- TASK INPUTS:
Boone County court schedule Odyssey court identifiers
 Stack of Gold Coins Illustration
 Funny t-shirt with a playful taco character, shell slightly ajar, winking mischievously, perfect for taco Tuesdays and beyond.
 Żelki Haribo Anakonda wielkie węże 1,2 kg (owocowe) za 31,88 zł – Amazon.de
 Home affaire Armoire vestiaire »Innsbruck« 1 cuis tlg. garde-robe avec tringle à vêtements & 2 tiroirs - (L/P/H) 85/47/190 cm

- TASK INSTRUCTIONS: Exact copies of the line with "Stack of Gold Coins Illustration" and of every later line in the entries make up the whole answer.

- WRITTEN SOLUTION:
 Stack of Gold Coins Illustration
 Funny t-shirt with a playful taco character, shell slightly ajar, winking mischievously, perfect for taco Tuesdays and beyond.
 Żelki Haribo Anakonda wielkie węże 1,2 kg (owocowe) za 31,88 zł – Amazon.de
 Home affaire Armoire vestiaire »Innsbruck« 1 cuis tlg. garde-robe avec tringle à vêtements & 2 tiroirs - (L/P/H) 85/47/190 cm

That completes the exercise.